### WHAT THE TASK ASKS
Starting at the line that contains "Cramster Beetle 2", transcribe each line exactly through the end of the data below, and skip any pictures.

(MATERIAL SHOWN Opens)

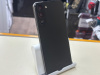 Смартфон Samsung Galaxy S22+ 8/256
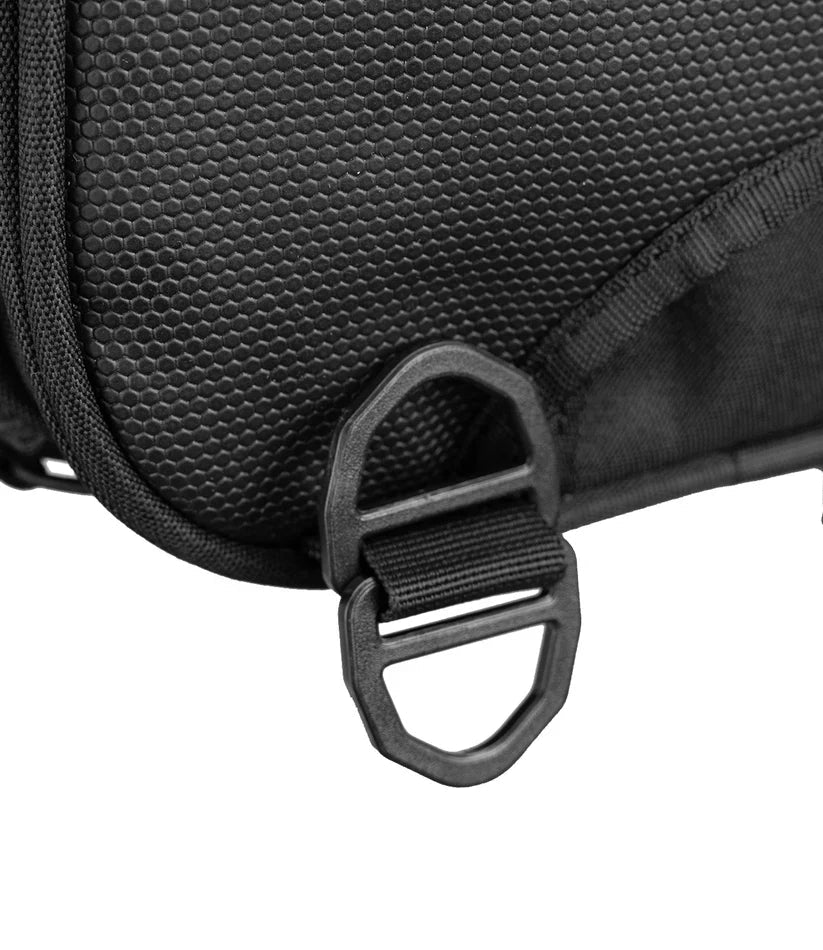 Cramster Beetle 2 Tankbag - 9L - 6KIOMLuggage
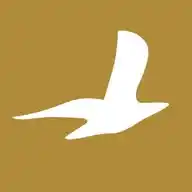 Cham Wings Airlines WhatsApp Channel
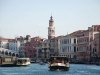 Venetia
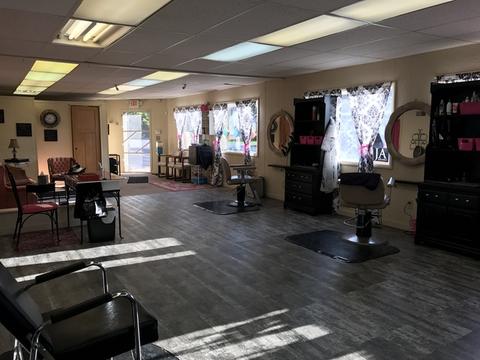 771 E Broadway St, Bradley, IL 60915 photo 8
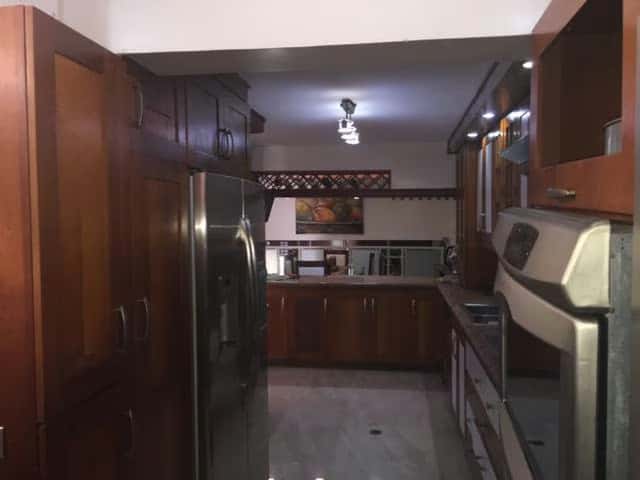 View 6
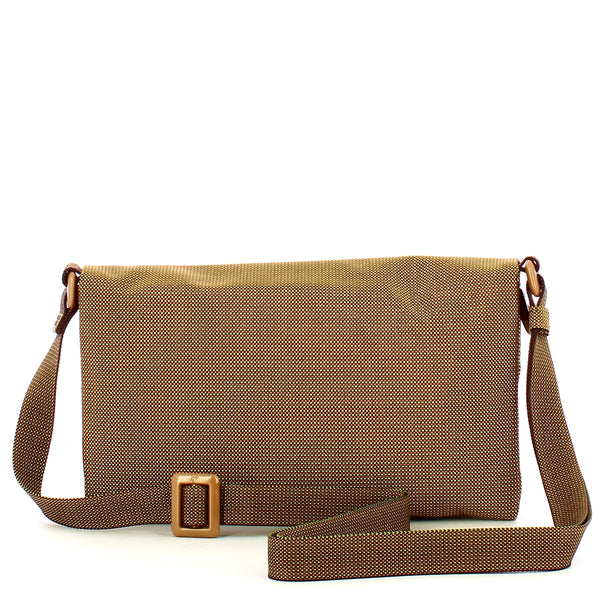 Mandarina Duck - Tracollina MD20 Olive P10QMT33 OLI | Italystation.com Shop Now at italystation.com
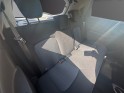 Renault zoe r110 intens possibilités de rachat de batterie occasion cannes (06) simplicicar simplicibike france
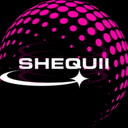 shequi_exe-BoomboxBounceMusic icon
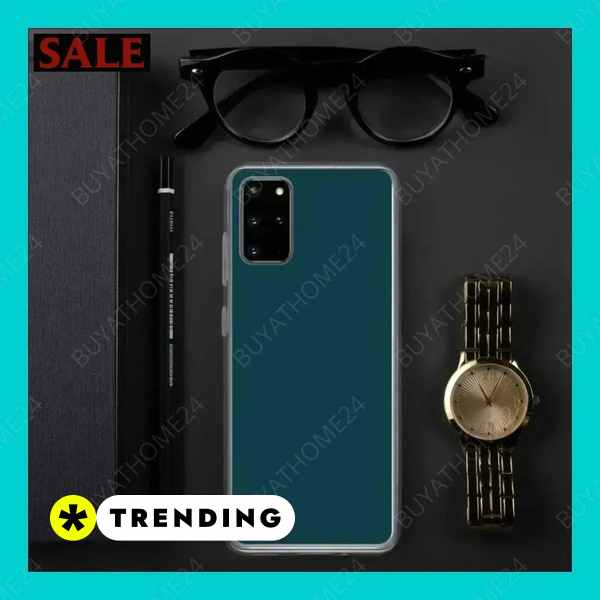 • Mobiltelefon Tasche I Handyhülle für Samsung Galaxy Textildruck BUYATHOME24, T-Shirts BUYATHOME24, Hoodies BUYATHOME24, Hosen BUYATHOME24, Jacken BUYATHOME24, Schuhe BUYATHOME24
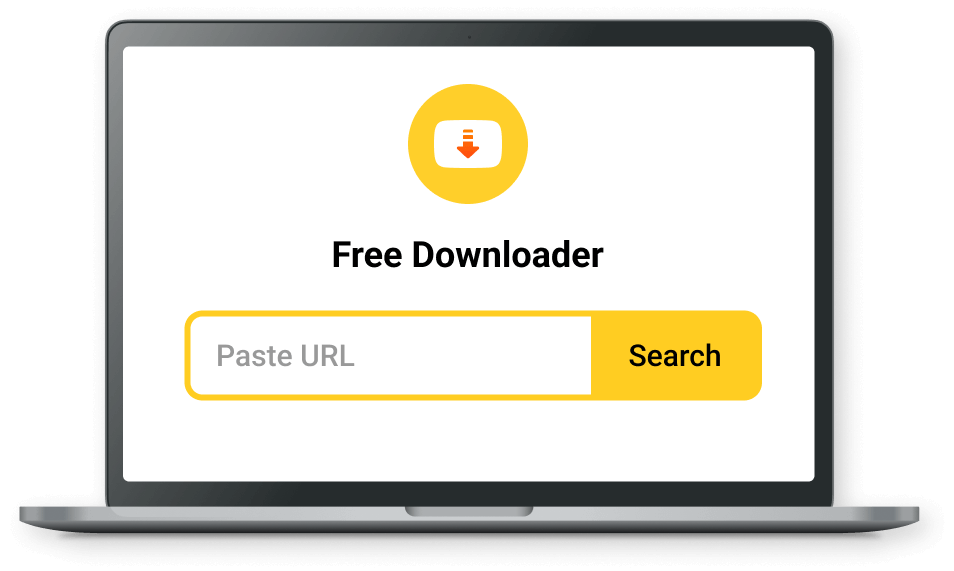 Snaptube for pc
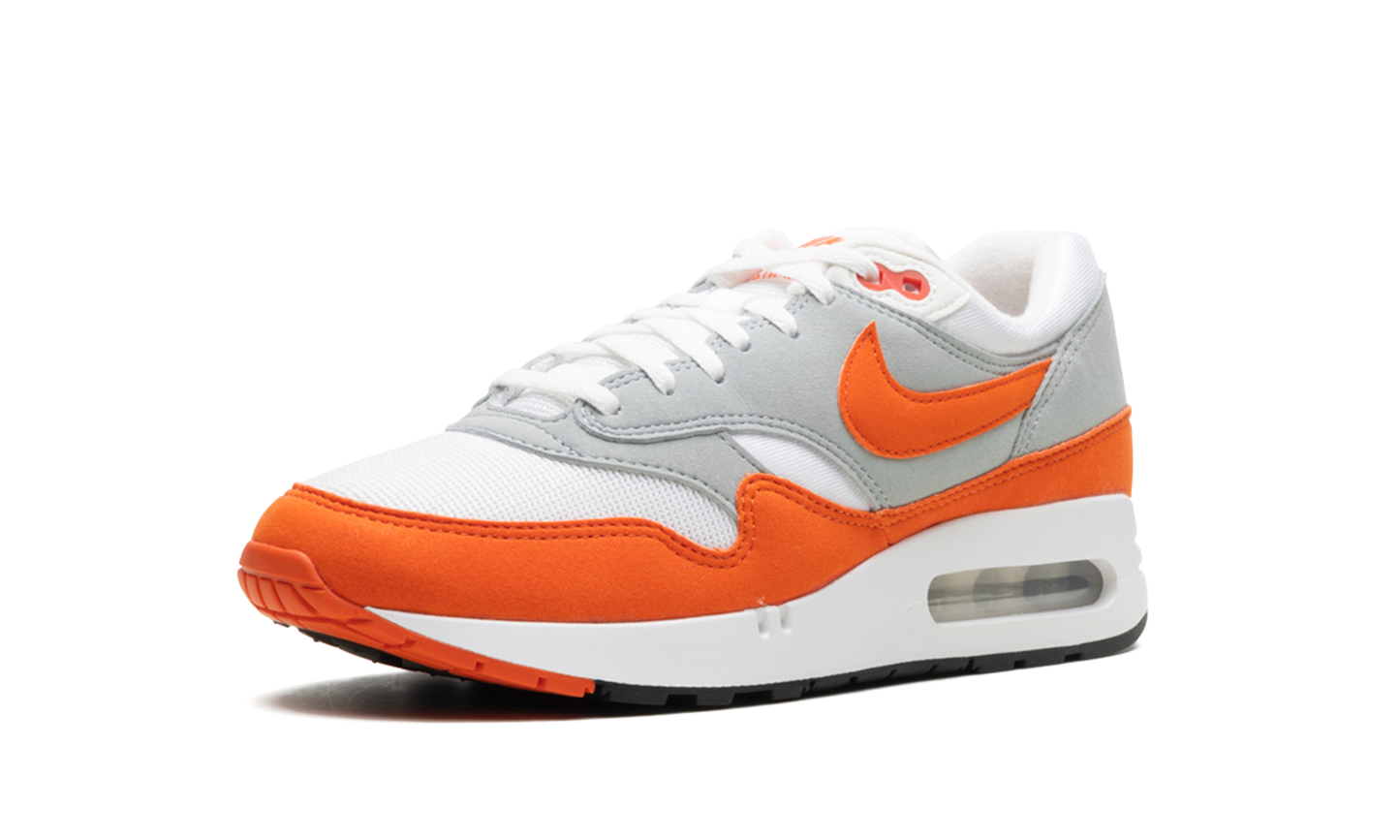 Air Max 1 '86 "Cosmic Clay"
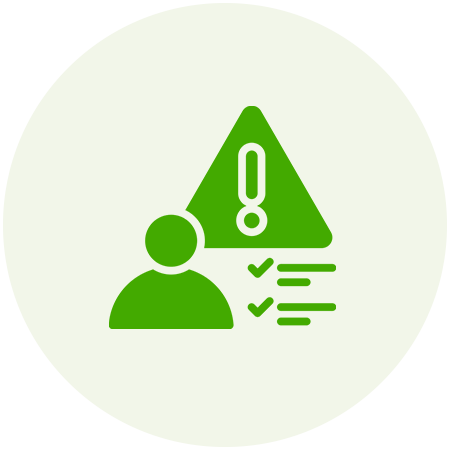 Legionella Risk Assessment 16 Risk Factor Review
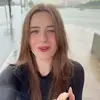 brynnriley74 - @brynnriley74 - TikTok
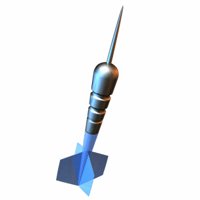 A002X053.GIF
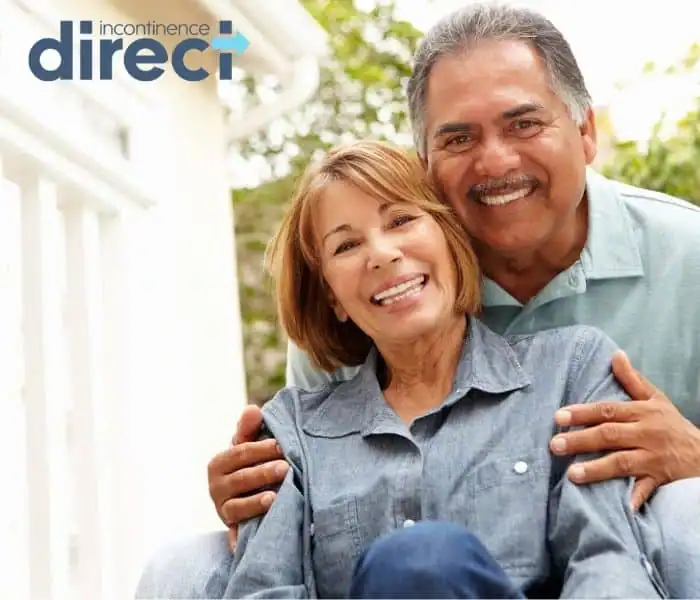 Incontinence direct Cambridge offer tailored treatment for men and women call us today!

(MATERIAL SHOWN Closes)

### ANSWER TO THIS TASK
 Cramster Beetle 2 Tankbag - 9L - 6KIOMLuggage
 Cham Wings Airlines WhatsApp Channel
 Venetia
 771 E Broadway St, Bradley, IL 60915 photo 8
 View 6
 Mandarina Duck - Tracollina MD20 Olive P10QMT33 OLI | Italystation.com Shop Now at italystation.com
 Renault zoe r110 intens possibilités de rachat de batterie occasion cannes (06) simplicicar simplicibike france
 shequi_exe-BoomboxBounceMusic icon
 • Mobiltelefon Tasche I Handyhülle für Samsung Galaxy Textildruck BUYATHOME24, T-Shirts BUYATHOME24, Hoodies BUYATHOME24, Hosen BUYATHOME24, Jacken BUYATHOME24, Schuhe BUYATHOME24
 Snaptube for pc
 Air Max 1 '86 "Cosmic Clay"
 Legionella Risk Assessment 16 Risk Factor Review
 brynnriley74 - @brynnriley74 - TikTok
 A002X053.GIF
 Incontinence direct Cambridge offer tailored treatment for men and women call us today!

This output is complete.